Portfolio Construction

Retirement Portfolios

Portfolio construction & strategy

Background

In the traditional approach to portfolio construction, there is a direct relationship between the risk profile and a client’s asset allocation. In contrast, when using an objectives-based investment approach, investor objectives drive portfolio strategy.

Asset allocation critical

Typical portfolio construction approaches rely heavily on a singular view of risk, generally volatility, and do not account for other risks that become increasingly relevant to retirees such as drawdown risk, longevity risk or inflation risk. Such measures also fail to capture market behaviour and their relevance from an individual investor’s perspective.

Once an individual has retired, asset allocation becomes critical as it directly impacts a client’s ability to achieve their investment objectives. Many investors recognise they cannot invest their entire savings in cash-like securities, as this will severely impact the longevity of their portfolio.

Aside from investment objectives, other factors will have an influence on portfolio strategy. These factors will be particular to the individual client and include:

  • Total size of the investment portfolio.
  • Tolerance to absolute risk – i.e. how much money is a client willing to lose to grow their capital base or supplement their income?
  • How much liquidity will be sacrificed to guarantee income?

Using the Basic Income & Lifestyle retirement objective groups outlined earlier, what are the appropriate investment strategies to achieve these objectives and, importantly, the trade-offs involved.

1. Basic income

The ‘basic income’ layer aims to meet essential income needs to ensure all non-discretionary costs are satisfied. While the primary objective is to ensure essential income needs are met, there is also an overarching goal to manage longevity risk or not outlive savings. For many Australians, the Age Pension will be a source of basic income as well as being the last line of defence against longevity risk. However, most retirees will not be able to live solely on income provided to them by the Age Pension and will need to supplement this via their superannuation.

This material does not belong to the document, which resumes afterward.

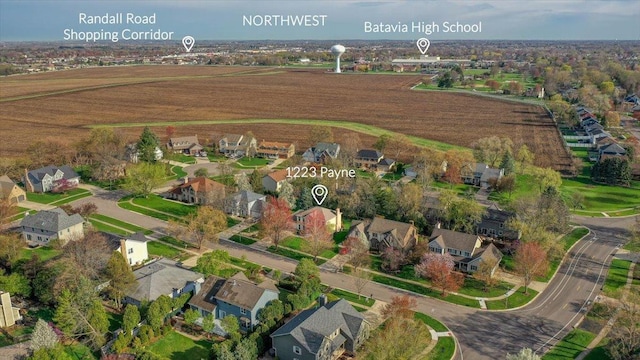 birds eye view of property with a residential view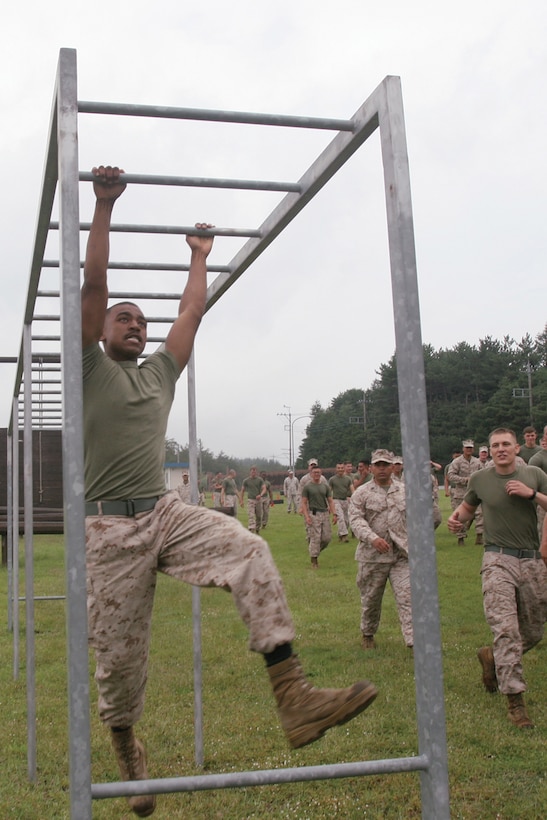 Lance Cpl. Sergio A. Yanez navigates the monkey bars on the confidence course during warrior day at Combined Arms Training Center Camp Fuji Sept. 20. The competitors and spectators showed great sportsmanship and morale during the events, said Yanez. Yanez is a motor vehicle operator with Oscar Battery, 5th Battalion, 14th Marine Regiment, 4th Marine Division, assigned to 3rd Bn., 12th Marines, under the unit deployment program.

The main investments that meet basic income needs are relatively narrow and include bank deposits, term deposits and annuities. Each of these investments provide a relatively certain level of income, usually with some margin over the official cash rates. There is typically low risk to capital, however each differs significantly in terms and liquidity and inflation risk. In this era of ultra-low interest rates, the returns on these assets is quite low.

2. Lifestyle

The ‘lifestyle’ layer is the most complicated retirement objective set for the investor to determine. Furthermore, unlike the basic income objective, the lifestyle goal will typically involve elements of capital growth, yield and potentially capital protection. Therefore, to select the appropriate mix of investments for this layer, investors need to determine their priorities – for example, capital growth over capital volatility, or income over capital growth.

In most instances the client will need to supplement their basic income requirements with additional income to allow for discretionary spending. Unfortunately, this can occur at the expense of understanding the risks associated with the additional income.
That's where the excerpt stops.